# Work to be completed:
Skip every picture, then write out exactly the lines of the listing below from the line that contains "Jasper, a male" through the final line.
╔══
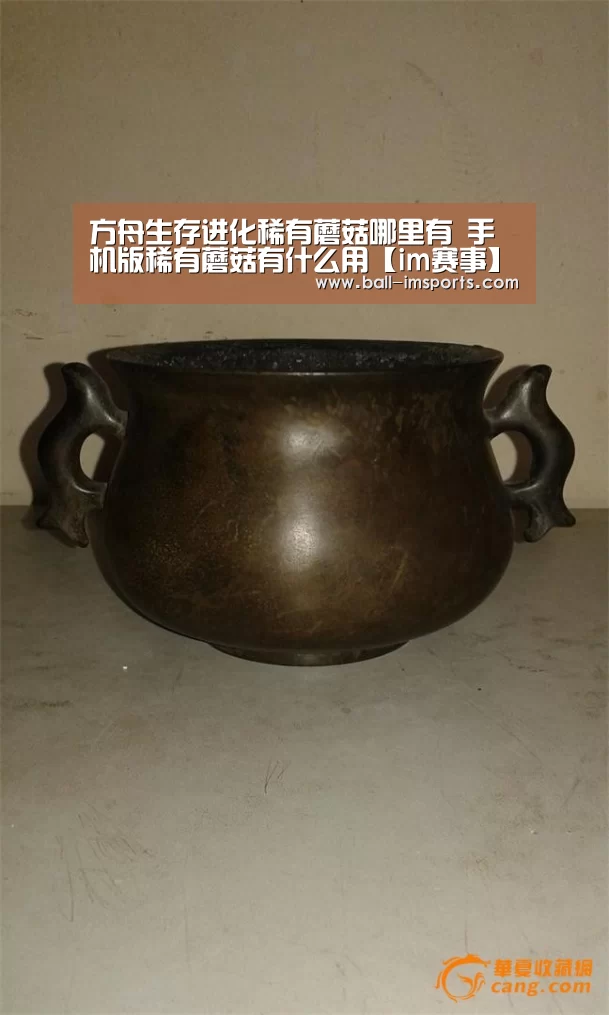 方舟生存进化稀有蘑菇哪里有 手机版稀有蘑菇有什么用【im赛事】(图2) im体育平台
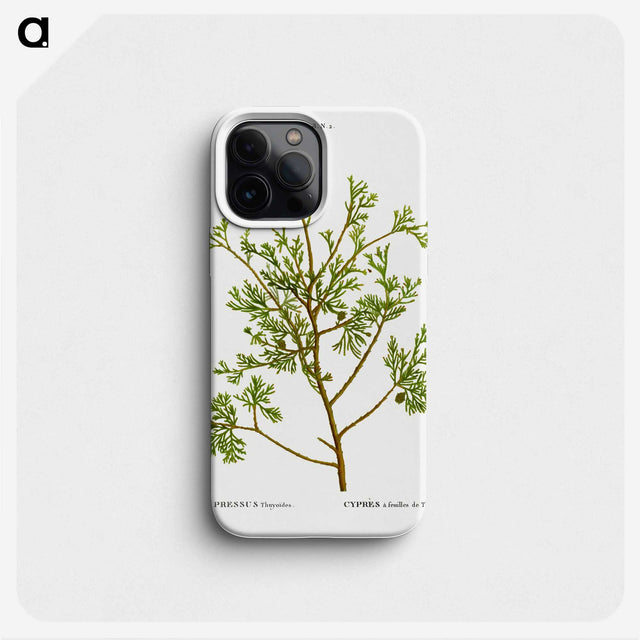 2-82_Treatise-on-Trees-and-Shrubs_phone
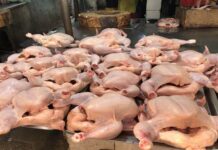 Presyo it manok sa public market, nagtaas eon man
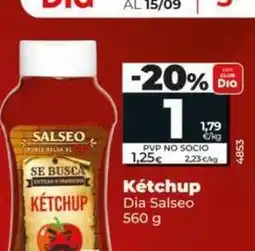 Dia Dia salseo - ketchup oferta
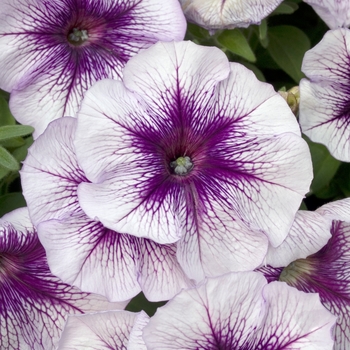 Petunia 'Blueberry Sundae' 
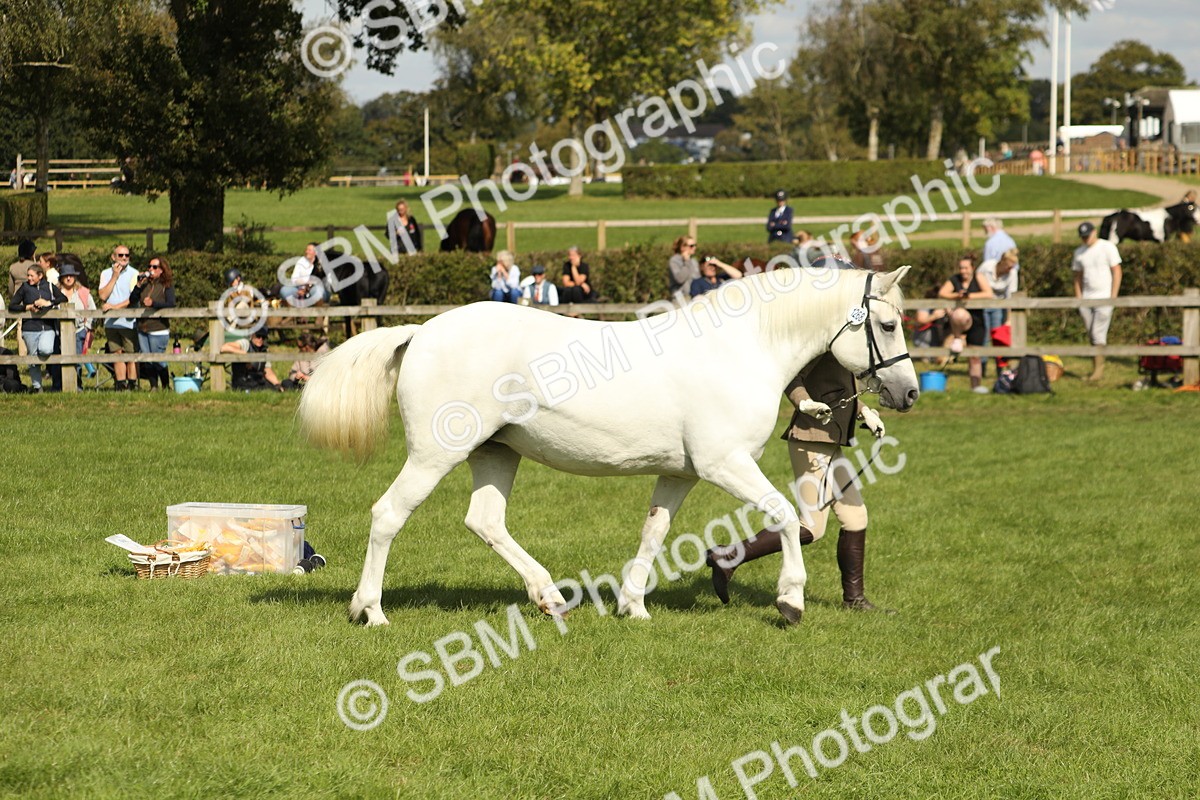 SBM_65490 - S47 - Mountain & Moorland In Hand Large Breeds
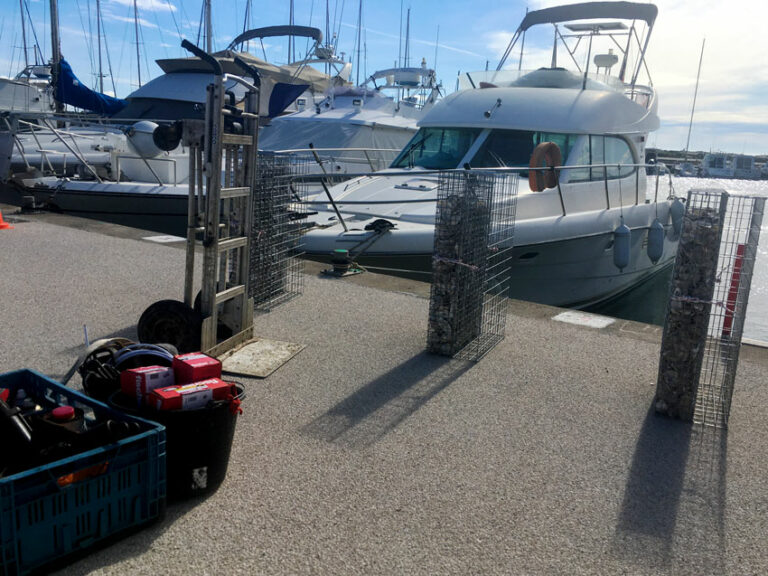 Port de valras : installation de nurseries à poissons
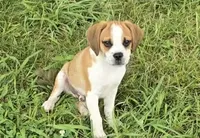 Jasper, a male Puggle for sale in Clarkson, KY – 1 of 9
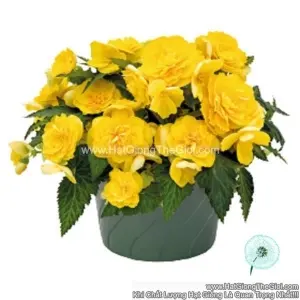 Hạt Giống Hoa Thu Hải Đường Kép Rủ NONSTOP JOY Yellow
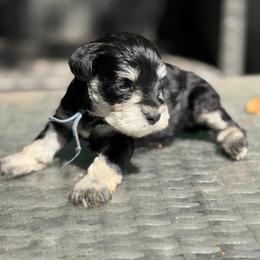Blue collar - Black and silver female Miniature Schnauzer puppy in Brownwood, Texas from Texas Dreams Mini Schnauzers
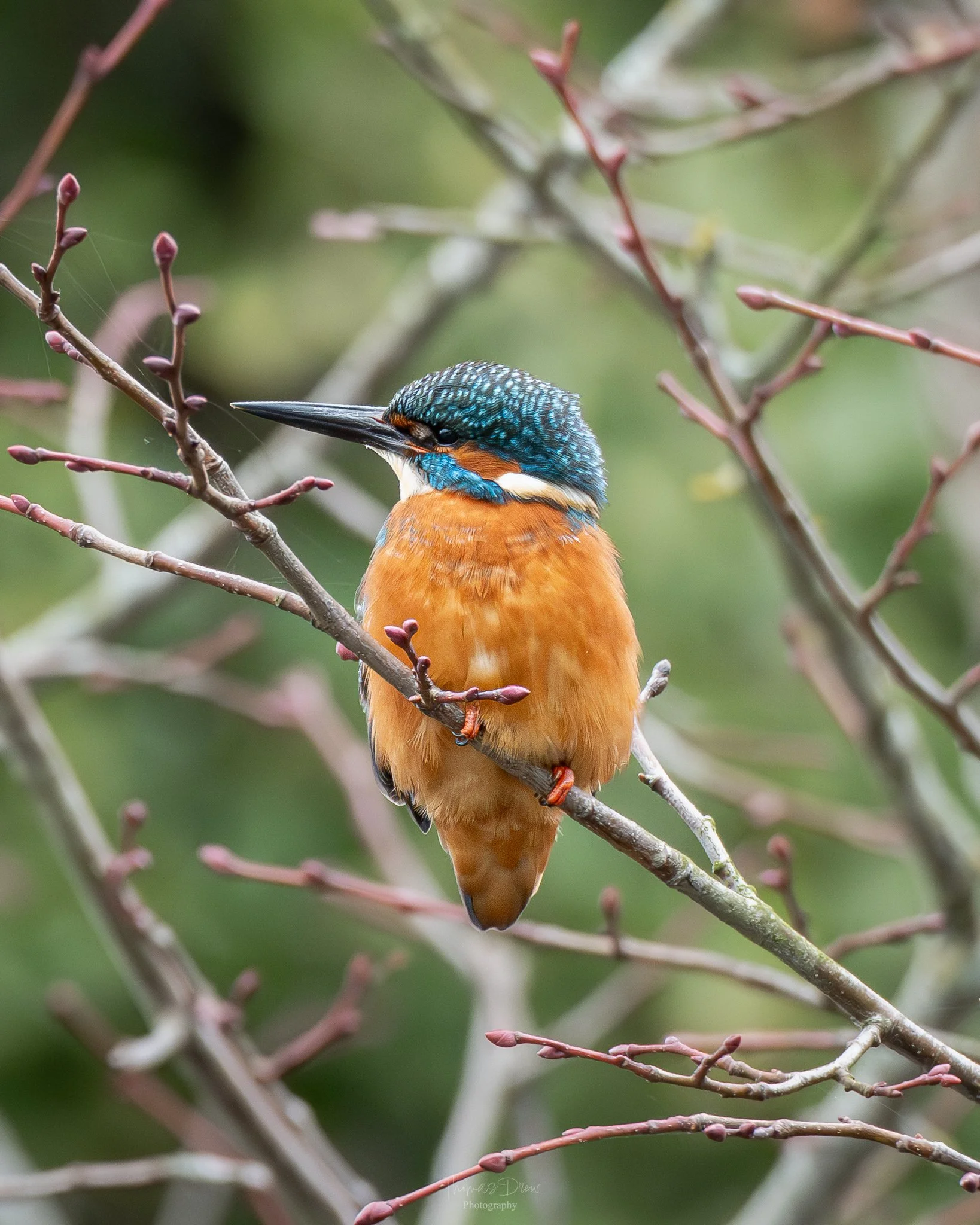 A colorful kingfisher bird perched on a branch surrounded by reddish buds, with a blurred green background.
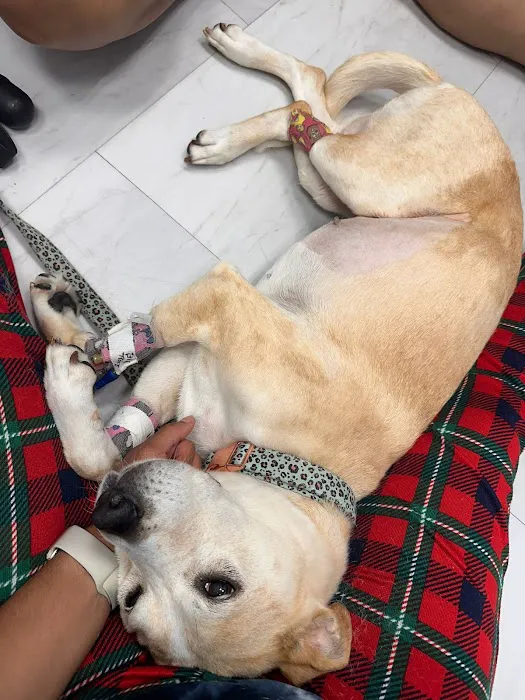 Focused Pet Care 12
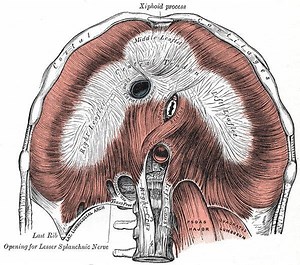 Central tendon of diaphragm - Alchetron, the free social encyclopedia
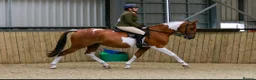 English Thoroughbred horses for sale: prince for sale. in Llantwit Major - Advert 7
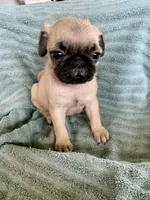 Kat, a female Pug for sale in Schulenburg, TX – Photo 6 of 10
╚══
# Exercise output:
 Jasper, a male Puggle for sale in Clarkson, KY – 1 of 9
 Hạt Giống Hoa Thu Hải Đường Kép Rủ NONSTOP JOY Yellow
Blue collar - Black and silver female Miniature Schnauzer puppy in Brownwood, Texas from Texas Dreams Mini Schnauzers
 A colorful kingfisher bird perched on a branch surrounded by reddish buds, with a blurred green background.
 Focused Pet Care 12
 Central tendon of diaphragm - Alchetron, the free social encyclopedia
 English Thoroughbred horses for sale: prince for sale. in Llantwit Major - Advert 7
 Kat, a female Pug for sale in Schulenburg, TX – Photo 6 of 10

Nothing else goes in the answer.